> **Captioned web images**:

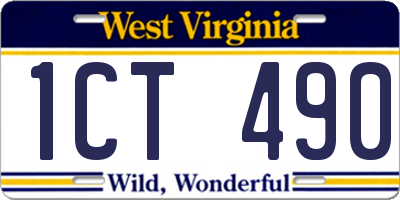 WV license plate 1CT490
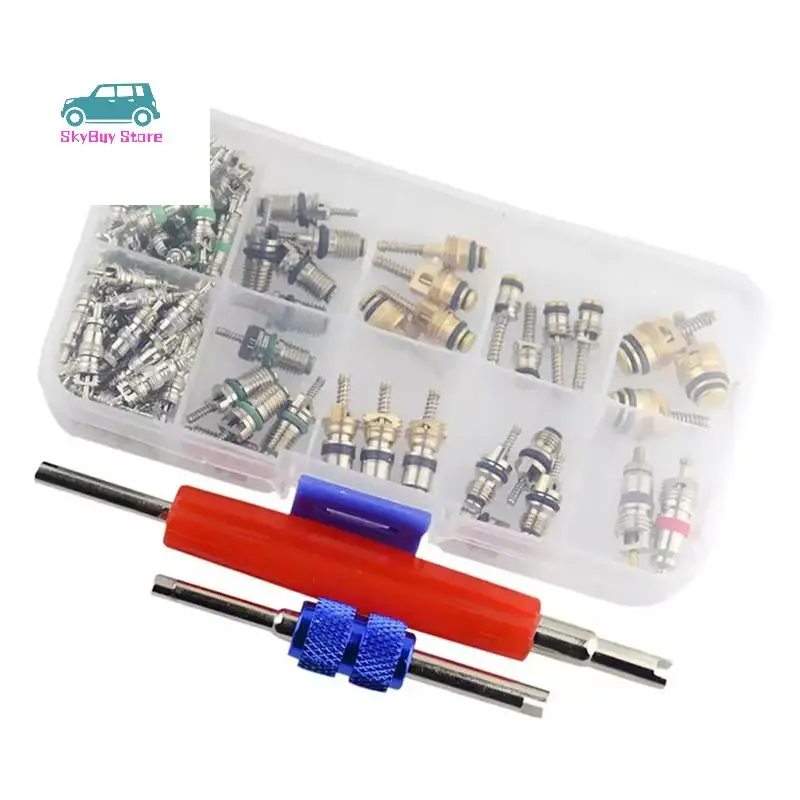 

102Pcs AC Valve Core Assortment R134A Car Air Conditioner Valve Cores Assortment Air Conditioning Assortment For Buick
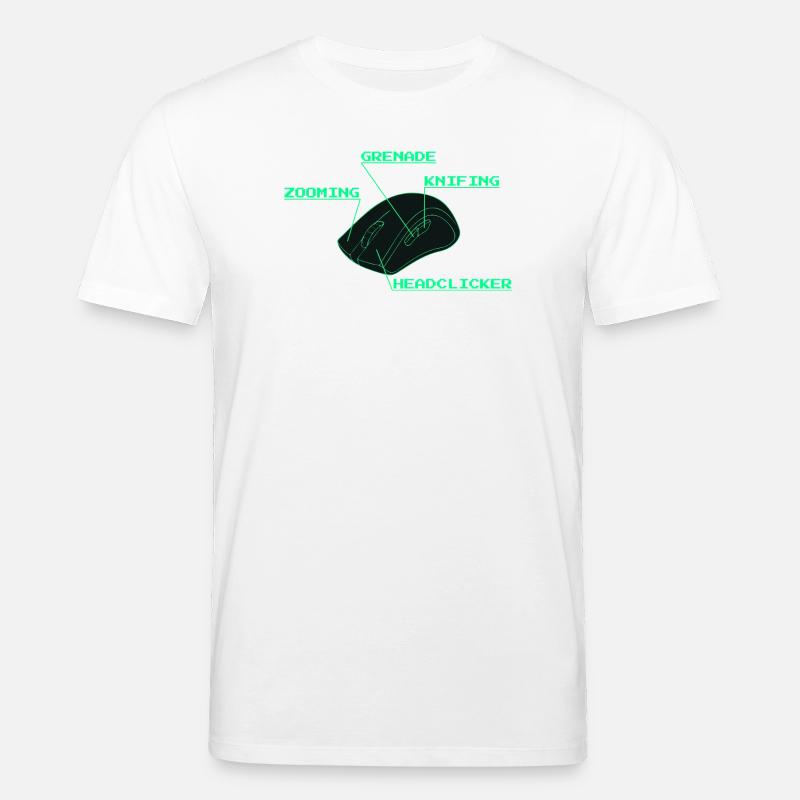 Headclicker Gaming Blueprint Neon Design - T-shirt bio CREATOR Stanley/Stella Unisexe - blanc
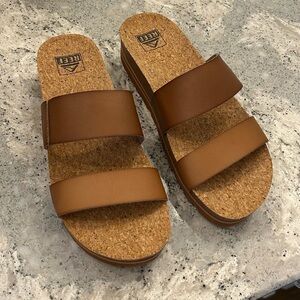 Reef Tan Cork Slide Sandals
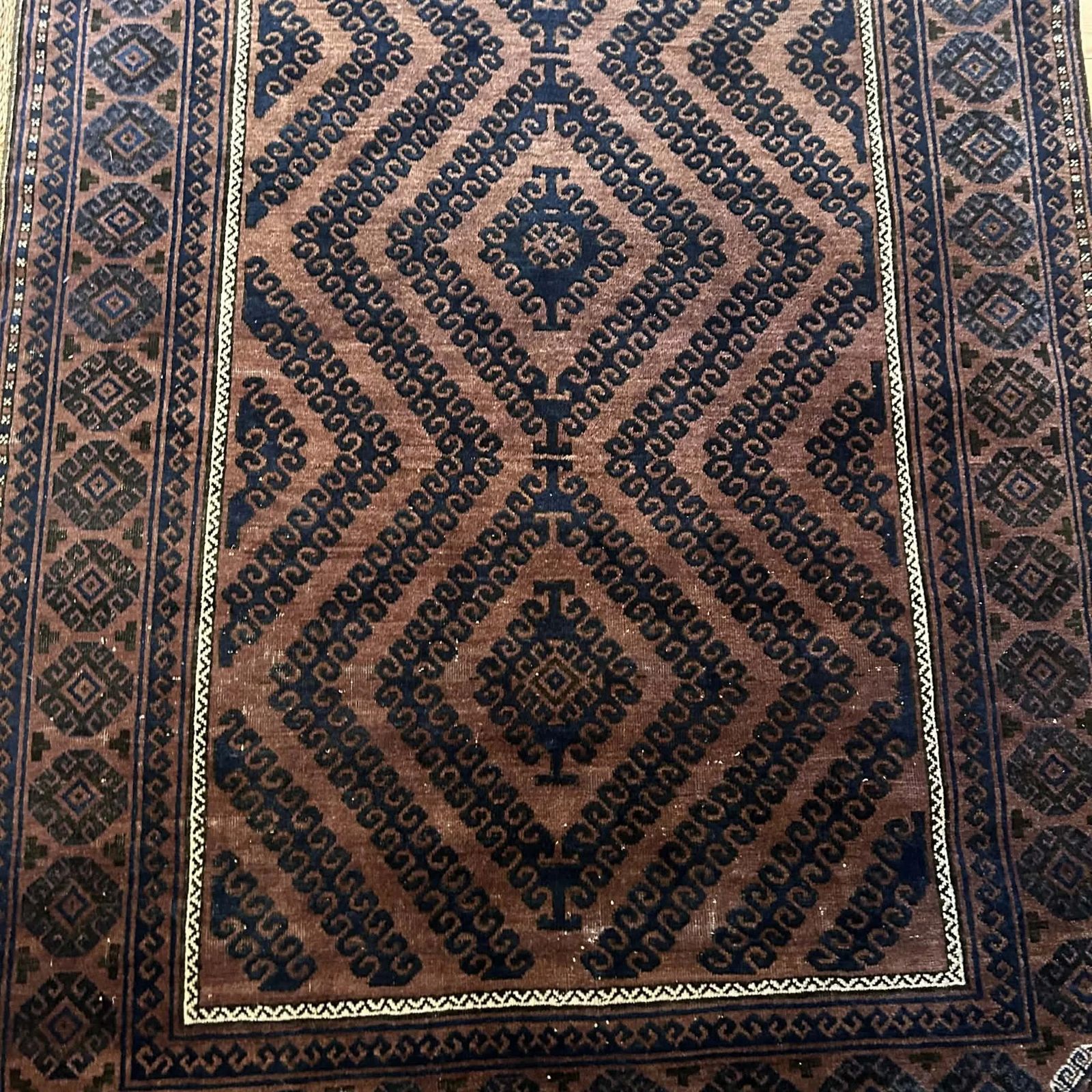 Large Hand Stitched Balouch Indigo Blue Rug photo vinterior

> **Task requirements**: Restate the records above in full, word for word. Keep pictures out.

> **Result of the exercise**:
 WV license plate 1CT490

102Pcs AC Valve Core Assortment R134A Car Air Conditioner Valve Cores Assortment Air Conditioning Assortment For Buick
 Headclicker Gaming Blueprint Neon Design - T-shirt bio CREATOR Stanley/Stella Unisexe - blanc
 Reef Tan Cork Slide Sandals
 Large Hand Stitched Balouch Indigo Blue Rug photo vinterior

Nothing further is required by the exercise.